- Developer: Gremlin Graphics
- Publishers: Gremlin Graphics (Europe) Konami (US)
- Platforms: Amiga, Atari ST, MS-DOS
- Release: 1992
- Genre: Adventure
- Mode: Single-player

= Plan 9 from Outer Space (video game) =

1992 video game

Plan 9 from Outer Space is a point and click adventure game inspired by the 1957 Z movie of the same name. It was developed at the Irish office of Gremlin Graphics for the Amiga and Atari ST and published in 1992 by Gremlin in Europe and Konami in the United States. An MS-DOS version was also released. There are two editions of the game: the more common version is packaged with a VHS copy of the film, while a rarer version contains only the game.

==Plot==

The game starts when the producer notices that the film has been stolen by Bela Lugosi's double. The player must carry out an epic search of the locations where Plan 9 from Outer Space was filmed to find the six missing reels.

From the back of the MS-DOS version box:

Plan 9. The critics hated it. Bela Lugosi died during it. And his double has stolen it.

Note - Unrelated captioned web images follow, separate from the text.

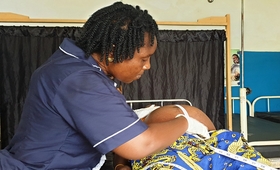 A Midwife at work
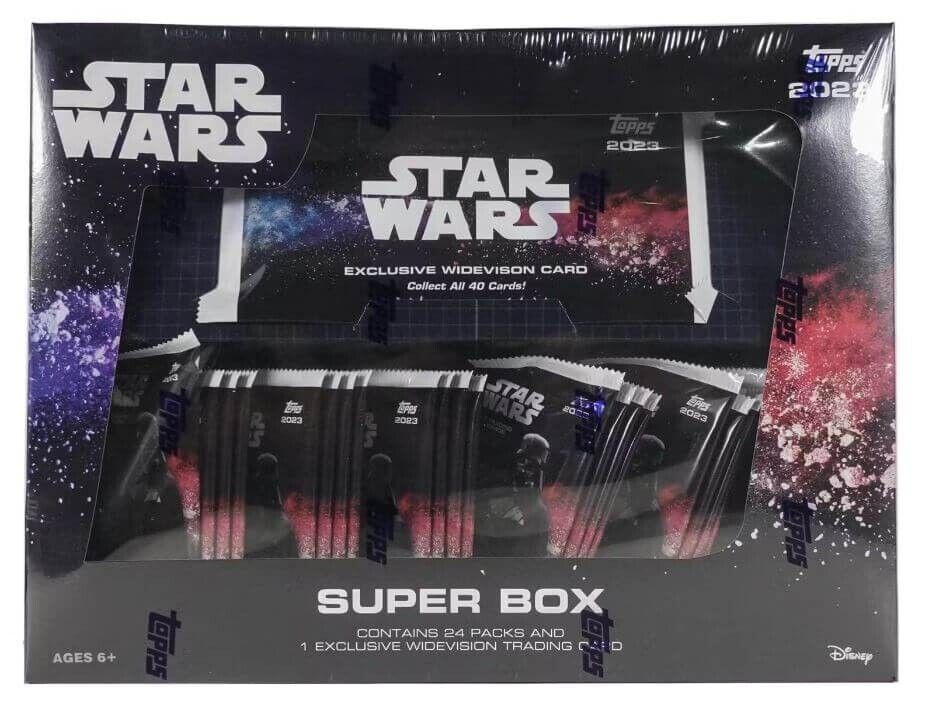 2023 Topps Star Wars Hobby Super Box * Factory Sealed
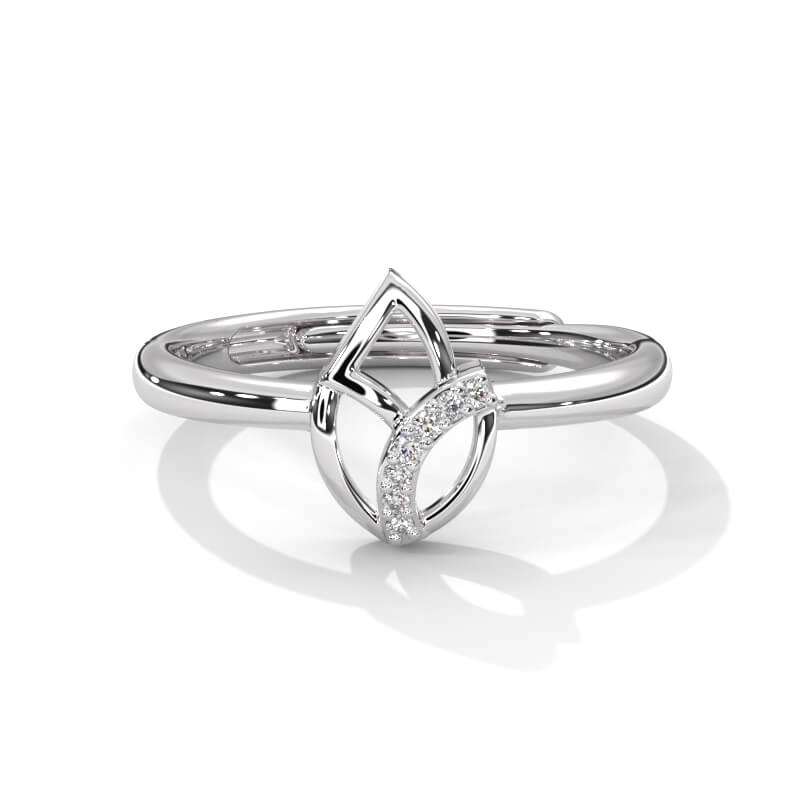 Diamond Enlivened 925 Sterling Silver Ring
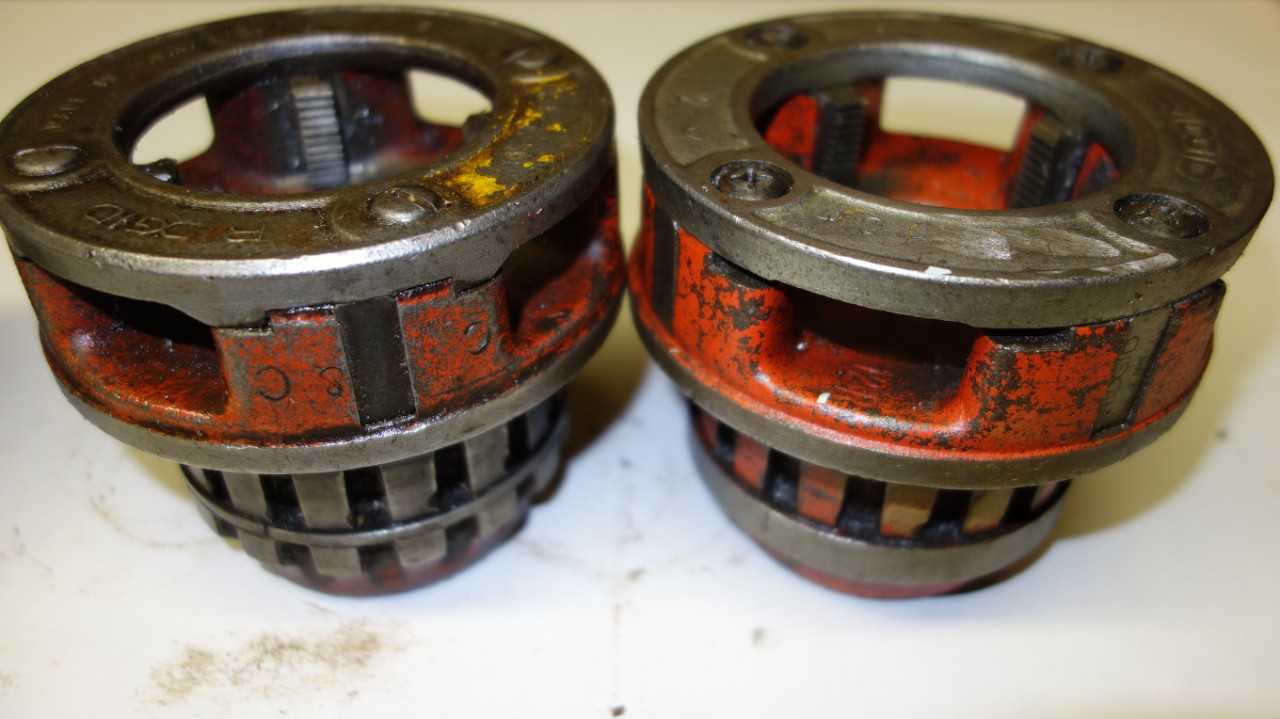LOT OF 2 RIDGID 2 IN DIE HEADS - ELECTRIC POWER TOOLS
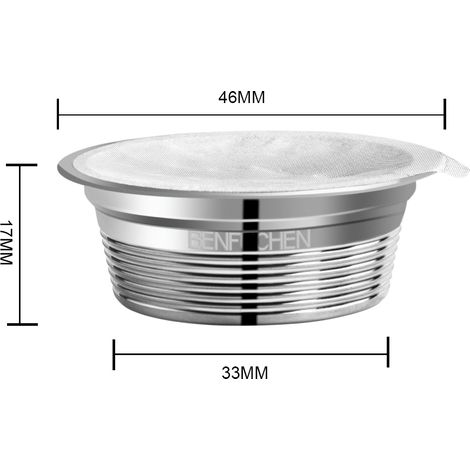 Capsule réutilisable Inox 304 pour Lavazza A Modo Mio - Compatible, Durable avec 60 opercules inclus (1/5)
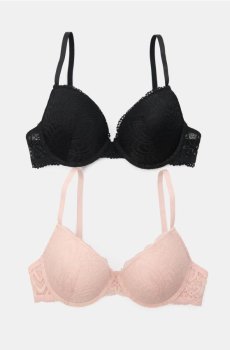 Мереживні push-up бюстгальтери, набір 2 шт. - різнобарвний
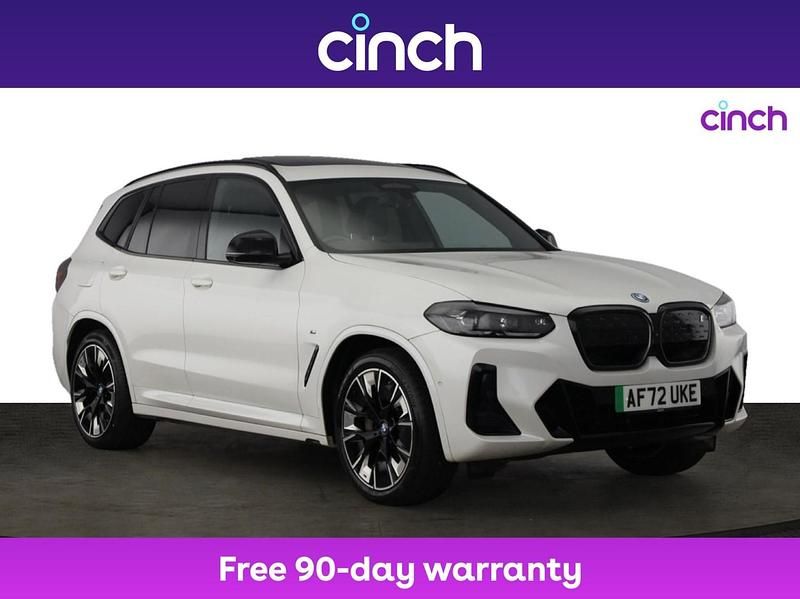 White Used 2022 BMW iX3 M Sport SUV | £27,499 (Fair price) - Image 1/3
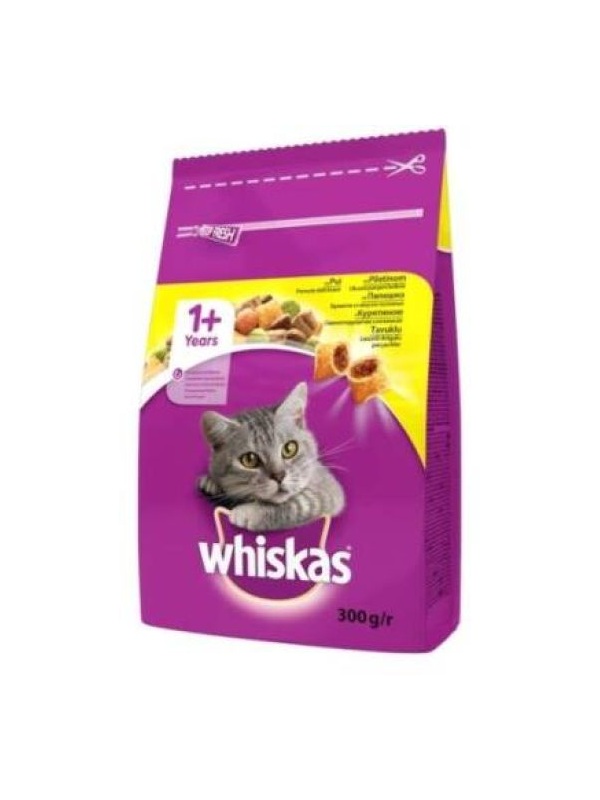 Whiskas Tavuklu Kuru Kedi Maması 300 Gr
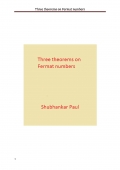 Three theorems on Fermat numbers (eBook)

Lugosi's replacement is still bitter after 33 years from critics' reviews dubbing his only movie "The Worst Film of All-Time". Even though he remained faceless, he intends to bring glory to the cult classic using more footage of himself and ... colorizing it. As the studio's Private Eye you'll search over 70 locations, find the 6 reels and screen the film, frame-by-frame, to ensure that the warped actor did not cut Bela from the flick. Using actual digitized film footage, you'll sweat each scene, examining Plan 9 with slow motion, freeze frame, fast forward and rewind. It's up to you to preserve its original awfulness.

==Reception==
Computer Gaming Worlds Charles Ardai criticized the game's "cheap" user interface and mediocre graphics and sound, which made him uncertain whether various continuity errors were accidental or intended to satirize the film. Ardai stated that "Plan 9 is a genuinely, intentionally funny piece of work, which puts it several notches above the movie (in my opinion) ... thoroughly enjoyable", and funnier than Zak McKracken and the Alien Mindbenders. He added, however, that as "a licensed product, parasitic on an original work ... its smirking digs at this rather pathetic relic of a movie ... sometimes has the tone of a schoolyard bully taking cheap shots at a defenseless victim". Without the sincerity and "guilelessness" of Wood's film: "In this respect, the game attains a degree of cheapness that even the movie didn't reach, which is quite an accomplishment". The game was reviewed in 1993 in Dragon #190 by Hartley, Patricia, and Kirk Lesser in "The Role of Computers" column. The reviewers gave the game 2 out of 5 stars.